TASK REQUIREMENTS: In the entries below, which lines run from the one containing "McLaren MP-12C" to the one containing "El alemán Alexander"? Copy exactly those lines, ends included, and no others.

INPUT:
○ ○ ○ ○

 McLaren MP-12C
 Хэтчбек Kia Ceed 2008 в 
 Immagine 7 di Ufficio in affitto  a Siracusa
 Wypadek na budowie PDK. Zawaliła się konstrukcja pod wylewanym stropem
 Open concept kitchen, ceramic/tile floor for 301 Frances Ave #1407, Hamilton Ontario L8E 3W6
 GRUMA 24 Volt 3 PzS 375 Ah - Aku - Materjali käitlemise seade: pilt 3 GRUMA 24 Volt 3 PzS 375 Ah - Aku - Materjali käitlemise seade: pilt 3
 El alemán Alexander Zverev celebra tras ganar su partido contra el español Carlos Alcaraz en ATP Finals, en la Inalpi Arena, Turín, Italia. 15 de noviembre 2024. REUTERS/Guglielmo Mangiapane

○ ○ ○ ○

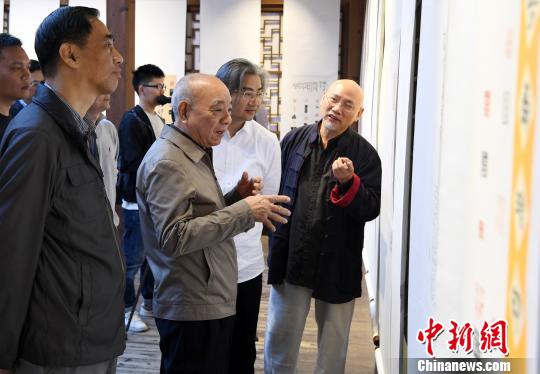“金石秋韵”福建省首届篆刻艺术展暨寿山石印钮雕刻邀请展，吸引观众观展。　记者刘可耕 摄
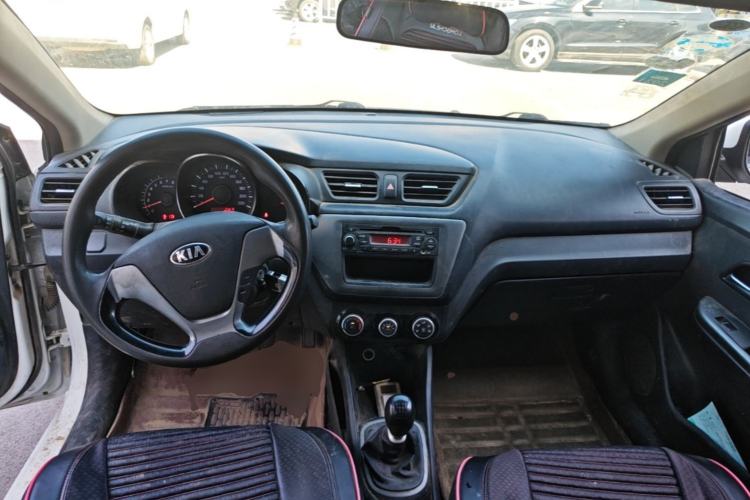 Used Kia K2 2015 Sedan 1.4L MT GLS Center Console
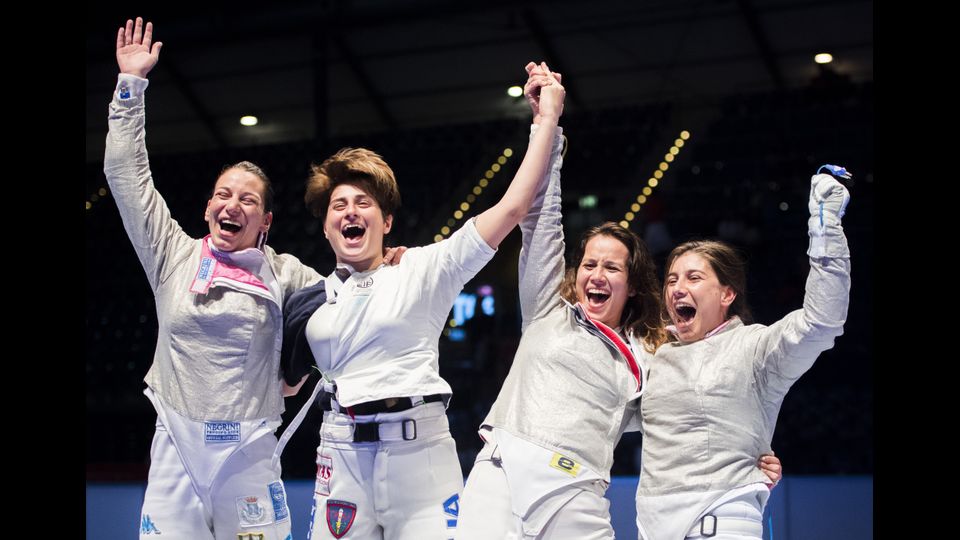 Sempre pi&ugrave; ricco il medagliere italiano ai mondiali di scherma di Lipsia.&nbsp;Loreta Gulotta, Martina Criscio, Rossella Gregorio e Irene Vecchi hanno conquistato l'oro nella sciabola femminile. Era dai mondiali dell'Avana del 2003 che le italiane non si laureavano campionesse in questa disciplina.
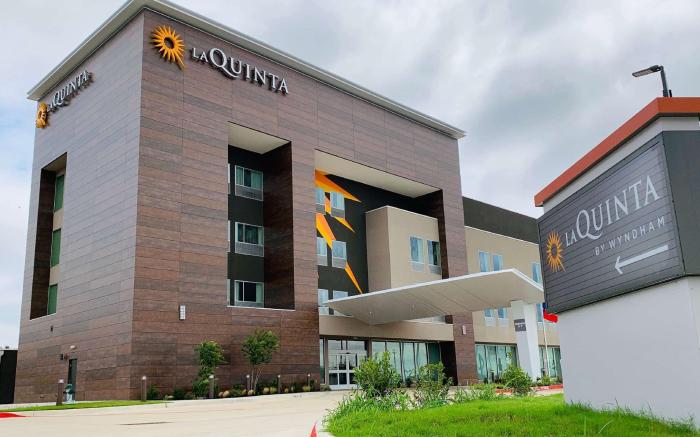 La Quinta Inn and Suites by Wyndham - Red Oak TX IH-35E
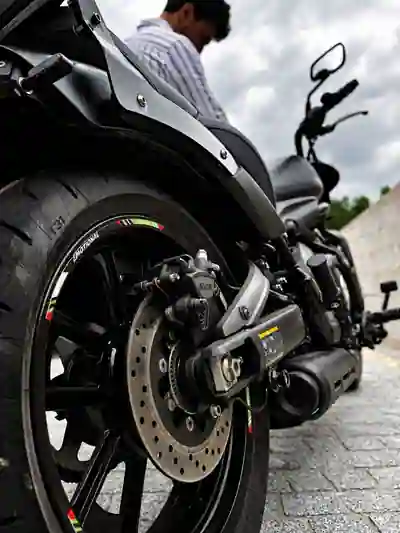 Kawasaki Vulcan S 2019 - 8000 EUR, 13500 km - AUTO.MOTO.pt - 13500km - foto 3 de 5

○ ○ ○ ○

WRITTEN SOLUTION:
 McLaren MP-12C
 Хэтчбек Kia Ceed 2008 в 
 Immagine 7 di Ufficio in affitto  a Siracusa
 Wypadek na budowie PDK. Zawaliła się konstrukcja pod wylewanym stropem
 Open concept kitchen, ceramic/tile floor for 301 Frances Ave #1407, Hamilton Ontario L8E 3W6
 GRUMA 24 Volt 3 PzS 375 Ah - Aku - Materjali käitlemise seade: pilt 3 GRUMA 24 Volt 3 PzS 375 Ah - Aku - Materjali käitlemise seade: pilt 3
 El alemán Alexander Zverev celebra tras ganar su partido contra el español Carlos Alcaraz en ATP Finals, en la Inalpi Arena, Turín, Italia. 15 de noviembre 2024. REUTERS/Guglielmo Mangiapane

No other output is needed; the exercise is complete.